What are your observations about using the "Knowledge" in GPTs?

What is your understanding of how GPTs use the “Knowledge” capability?
How do you think it works?
What are your observations?

Personally, I assumed it was a RAG pipeline behind the scenes. The files we upload get chunked, embedded, etc. shortly after upload.
At least that’s what I assumed! :wink:

But then, as I experimented more and more with it, I discovered a lot of issues:

  • Sometimes simple and straight forward questions yield zero results
  • It feels that the way you write the question (keywords wise) and what’s inside knowledge files should match word to word to some degree (also feels no embeddings taking place)
  • It is very slow
  • It hangs
  • It is hard to steer the LLM to use the knowledge first before it uses its previous training data. It drifts and starts to forget instructions
  • Your knowledge files are exposed to the world.

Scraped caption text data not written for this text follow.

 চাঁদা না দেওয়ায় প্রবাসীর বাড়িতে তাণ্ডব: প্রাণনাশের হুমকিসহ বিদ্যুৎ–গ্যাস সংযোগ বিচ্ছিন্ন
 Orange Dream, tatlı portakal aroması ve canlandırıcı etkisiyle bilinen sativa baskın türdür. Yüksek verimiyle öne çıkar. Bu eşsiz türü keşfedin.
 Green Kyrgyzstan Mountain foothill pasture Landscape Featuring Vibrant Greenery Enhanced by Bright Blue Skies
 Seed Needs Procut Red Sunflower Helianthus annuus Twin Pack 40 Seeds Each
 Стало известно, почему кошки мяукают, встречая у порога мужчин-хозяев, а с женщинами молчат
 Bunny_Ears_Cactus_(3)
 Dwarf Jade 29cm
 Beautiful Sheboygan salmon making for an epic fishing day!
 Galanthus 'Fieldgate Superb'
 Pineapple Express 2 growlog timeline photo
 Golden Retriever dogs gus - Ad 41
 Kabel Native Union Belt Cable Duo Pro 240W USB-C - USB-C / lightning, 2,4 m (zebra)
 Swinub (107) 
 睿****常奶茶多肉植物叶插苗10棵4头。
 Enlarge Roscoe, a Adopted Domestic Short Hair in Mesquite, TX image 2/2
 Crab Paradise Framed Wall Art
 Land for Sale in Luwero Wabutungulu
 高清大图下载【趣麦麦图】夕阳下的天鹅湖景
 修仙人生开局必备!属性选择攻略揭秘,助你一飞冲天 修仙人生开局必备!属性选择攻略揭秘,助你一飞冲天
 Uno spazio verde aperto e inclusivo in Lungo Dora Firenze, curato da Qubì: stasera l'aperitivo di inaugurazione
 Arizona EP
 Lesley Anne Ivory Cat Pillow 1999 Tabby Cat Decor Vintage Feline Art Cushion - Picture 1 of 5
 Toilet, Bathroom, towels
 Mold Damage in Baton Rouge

They are in /mnt/data. Turning off code interpreter is not an option

Once you have some more understanding of how GPTs and knowledge work for now, you can make better informed decisions and what to expect.

One day, I was using my GPT and then it was doing its “Searching my knowledge”, then it exposed the search function:

import fitz  # PyMuPDF
import re

# Open the documentation
sdk_doc = fitz.open("/mnt/data/sdk.pdf")

# Function to search for information in the document
def search_document(doc, query, max_pages=5):
    results = []
    for page_num in range(min(max_pages, len(doc))):  # Limiting the number of pages to scan
        page = doc[page_num]
        text = page.get_text()
        if re.search(query, text, re.IGNORECASE):
            results.append((page_num, text))
    return results

# Search for information about enumerating structures and their names
search_results = search_document(sdk_doc, r"enumerate structures|structure name")

search_results

Now the user asked: “how to enumerate structures and their name”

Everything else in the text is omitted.